The result should be a word-for-word retyping of the entries below, free of pictures.

==== Dataset ====

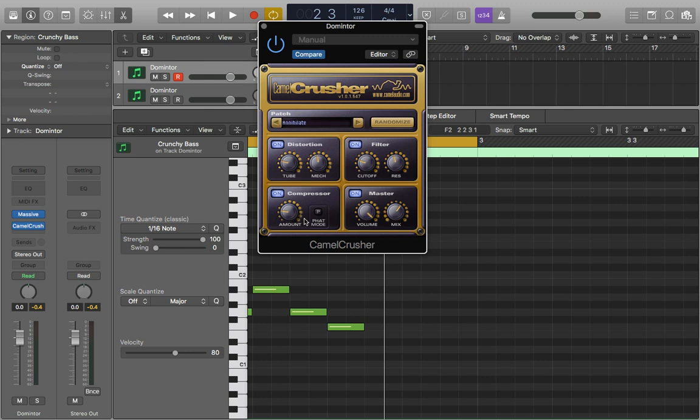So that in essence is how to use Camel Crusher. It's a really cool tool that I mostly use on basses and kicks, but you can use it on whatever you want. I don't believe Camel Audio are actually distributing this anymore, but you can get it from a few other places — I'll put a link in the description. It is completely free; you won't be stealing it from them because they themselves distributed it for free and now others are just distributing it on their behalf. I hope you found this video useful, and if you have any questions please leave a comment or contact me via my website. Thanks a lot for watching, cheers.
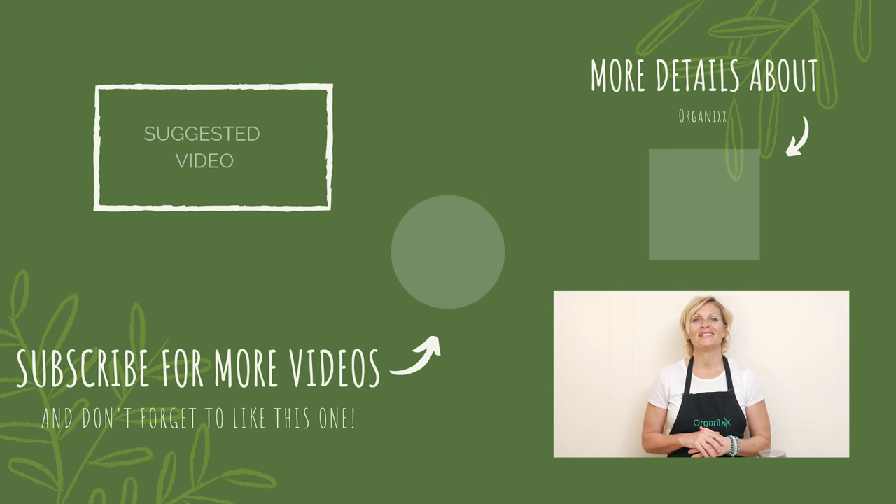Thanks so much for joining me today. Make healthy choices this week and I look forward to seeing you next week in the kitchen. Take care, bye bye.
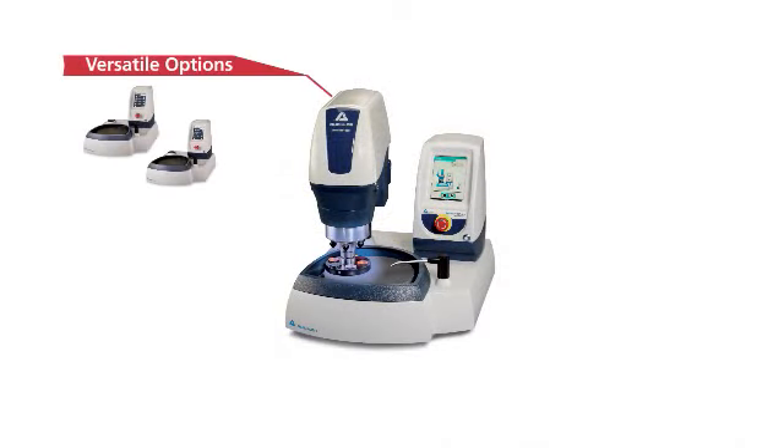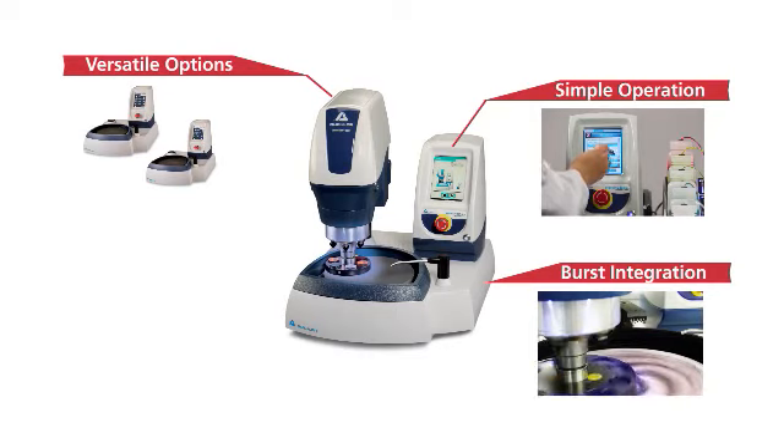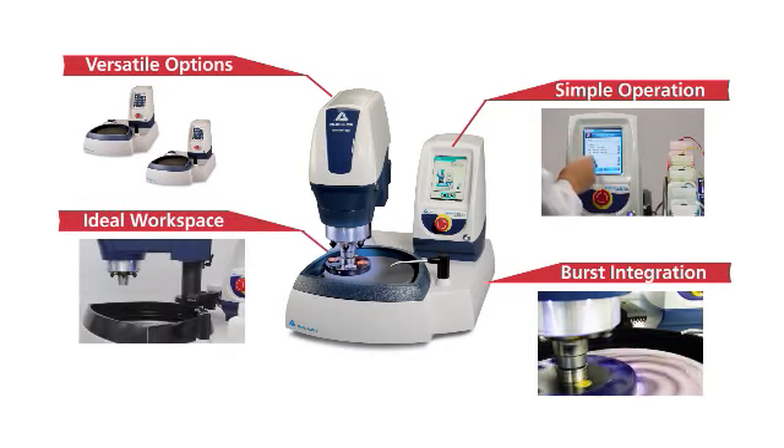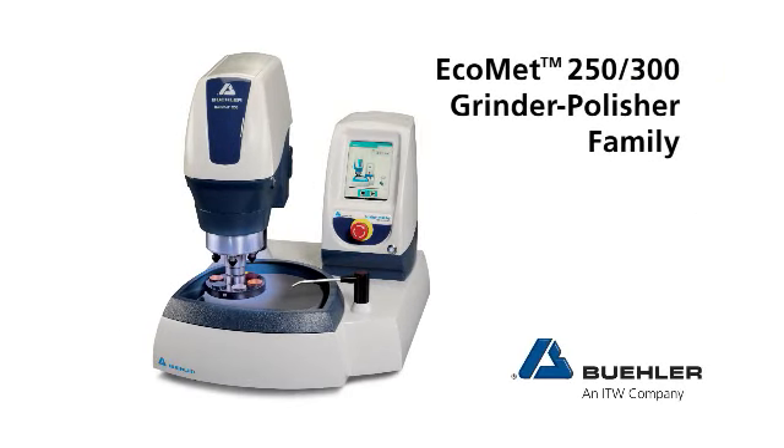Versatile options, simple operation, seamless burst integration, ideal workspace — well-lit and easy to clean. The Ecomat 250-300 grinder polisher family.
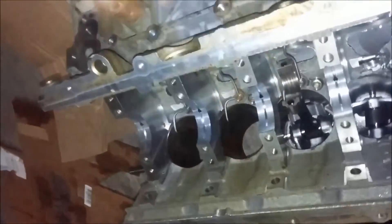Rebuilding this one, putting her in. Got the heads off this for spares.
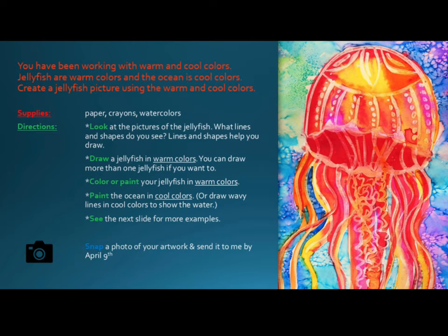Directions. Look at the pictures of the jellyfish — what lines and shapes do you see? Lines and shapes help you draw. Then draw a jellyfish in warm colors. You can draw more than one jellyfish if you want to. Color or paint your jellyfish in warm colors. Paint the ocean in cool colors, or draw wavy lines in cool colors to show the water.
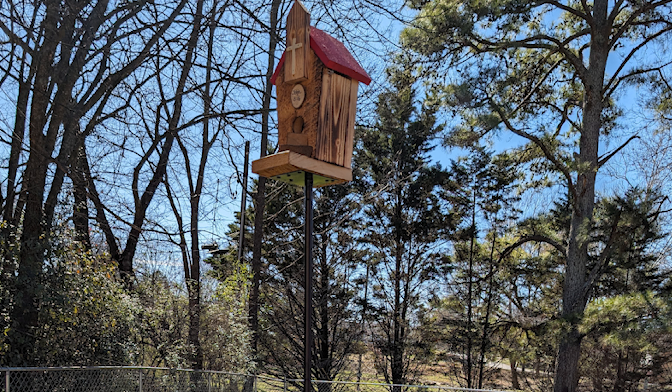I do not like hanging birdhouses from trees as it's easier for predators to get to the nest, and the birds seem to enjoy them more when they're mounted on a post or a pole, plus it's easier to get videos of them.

====

_Output of the task_.
So that in essence is how to use Camel Crusher. It's a really cool tool that I mostly use on basses and kicks, but you can use it on whatever you want. I don't believe Camel Audio are actually distributing this anymore, but you can get it from a few other places — I'll put a link in the description. It is completely free; you won't be stealing it from them because they themselves distributed it for free and now others are just distributing it on their behalf. I hope you found this video useful, and if you have any questions please leave a comment or contact me via my website. Thanks a lot for watching, cheers.
Thanks so much for joining me today. Make healthy choices this week and I look forward to seeing you next week in the kitchen. Take care, bye bye.
Versatile options, simple operation, seamless burst integration, ideal workspace — well-lit and easy to clean. The Ecomat 250-300 grinder polisher family.
Rebuilding this one, putting her in. Got the heads off this for spares.
Directions. Look at the pictures of the jellyfish — what lines and shapes do you see? Lines and shapes help you draw. Then draw a jellyfish in warm colors. You can draw more than one jellyfish if you want to. Color or paint your jellyfish in warm colors. Paint the ocean in cool colors, or draw wavy lines in cool colors to show the water.
I do not like hanging birdhouses from trees as it's easier for predators to get to the nest, and the birds seem to enjoy them more when they're mounted on a post or a pole, plus it's easier to get videos of them.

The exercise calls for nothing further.